Exercise objective:
Everything from the line holding "Crowd of motorbikes" to the end of the listing below should be copied exactly, line for line, minus the pictures.
Available data section start
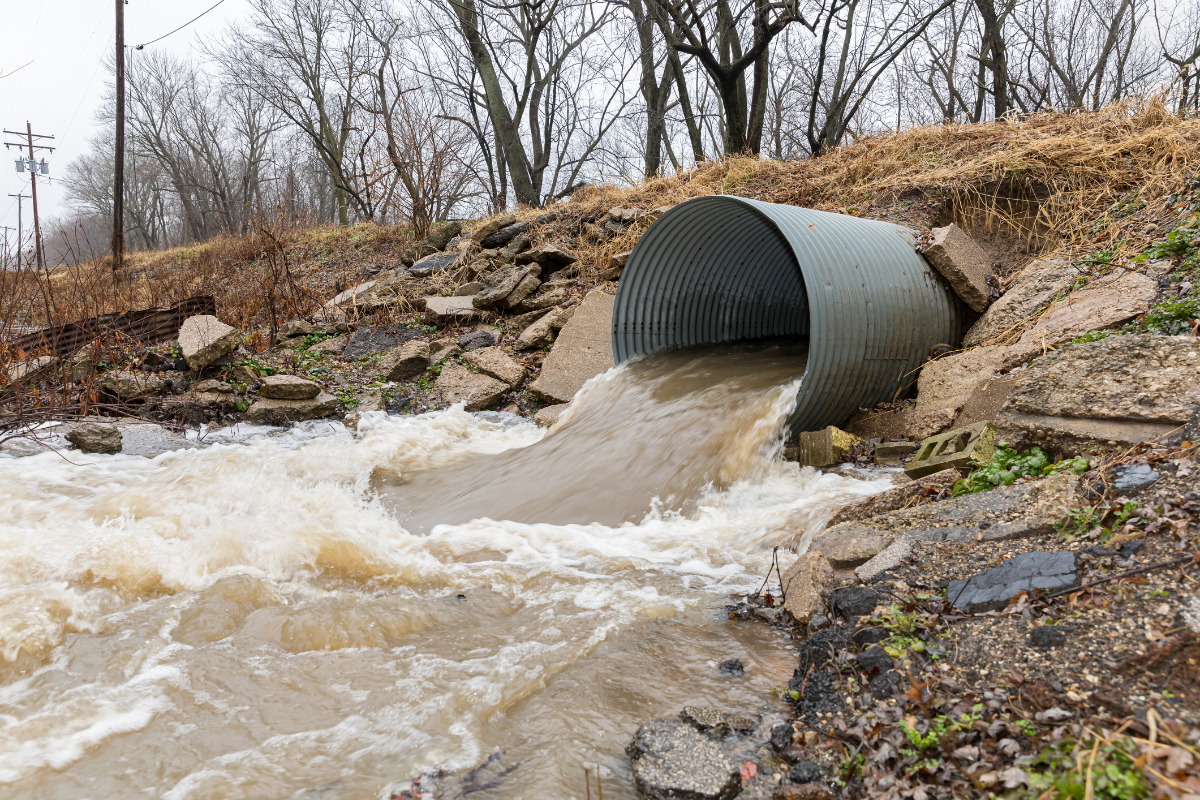 Closeup motion blur of storm water runoff flowing through metal drainage culver under road. January storms brought heavy rain and flash flooding to Illinois - stock photo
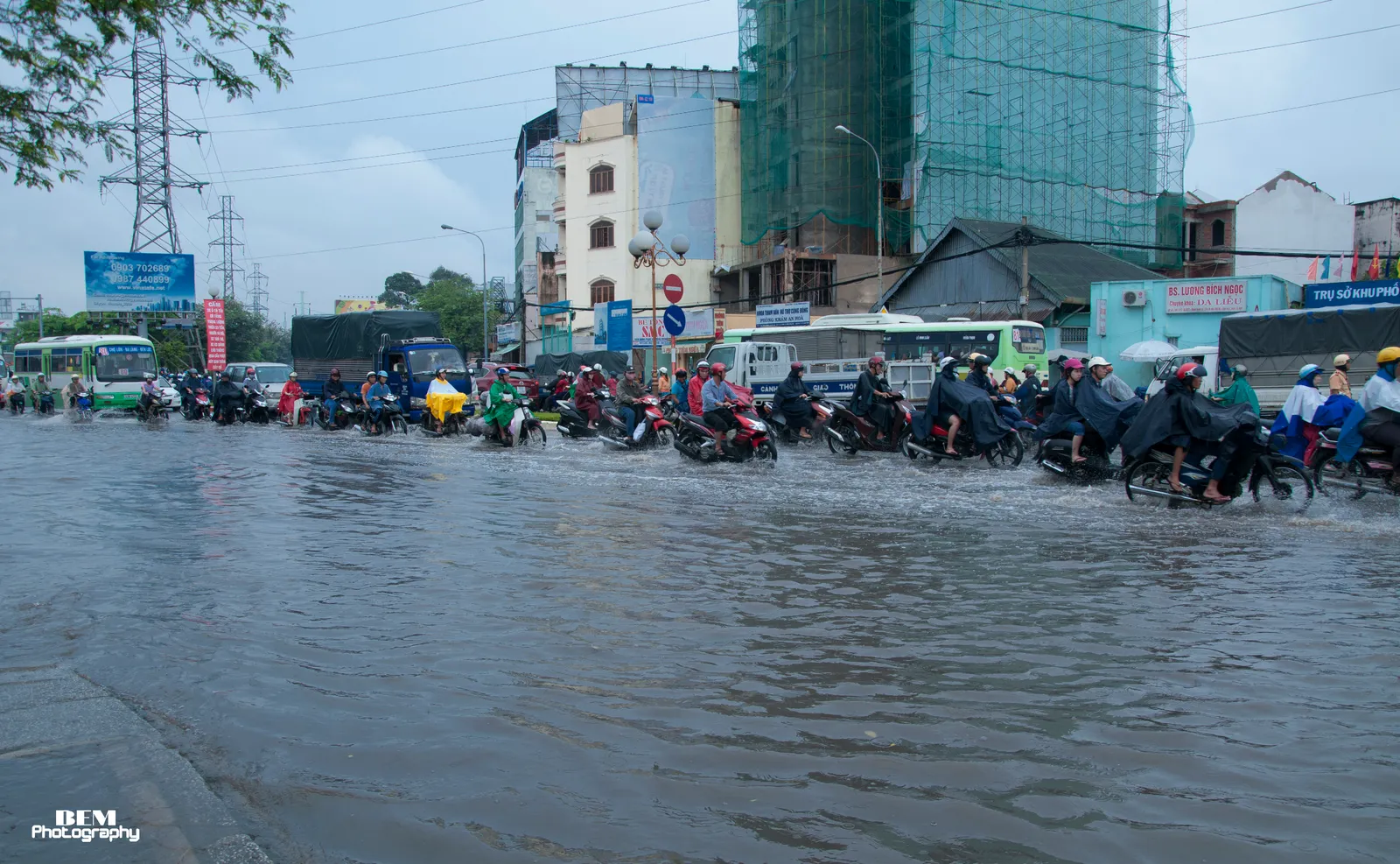 Crowd of motorbikes riding through water on a wide city road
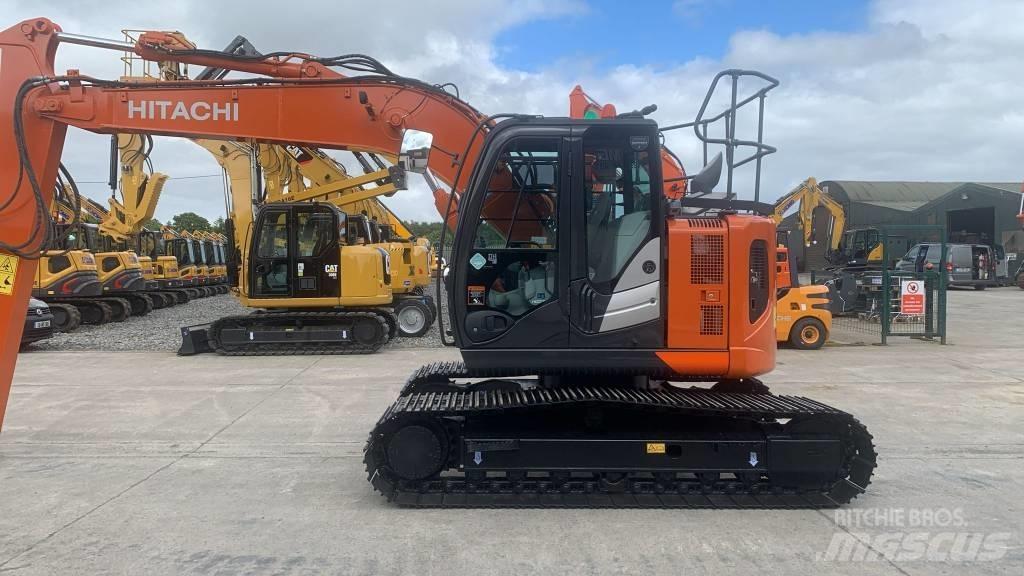 Hitachi ZX 135 US-6 حفارات زحافة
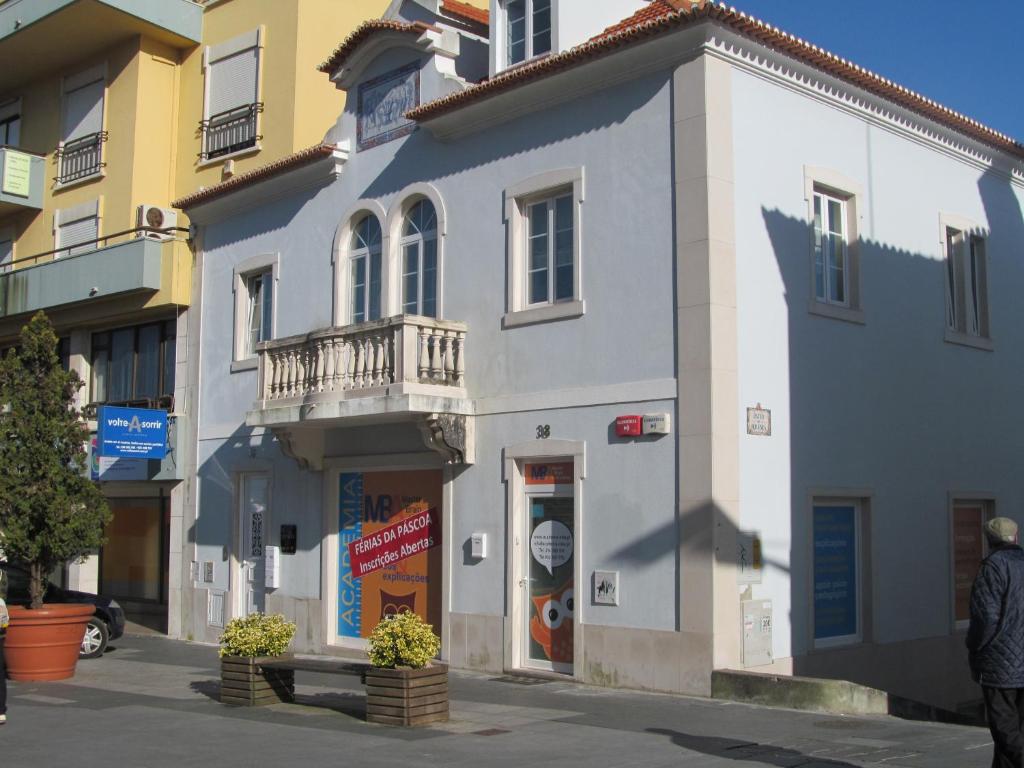 a blue and white building on a city street at CasAzulApartments in Sintra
Available data section end
Response to the task:
 Crowd of motorbikes riding through water on a wide city road
 Hitachi ZX 135 US-6 حفارات زحافة
 a blue and white building on a city street at CasAzulApartments in Sintra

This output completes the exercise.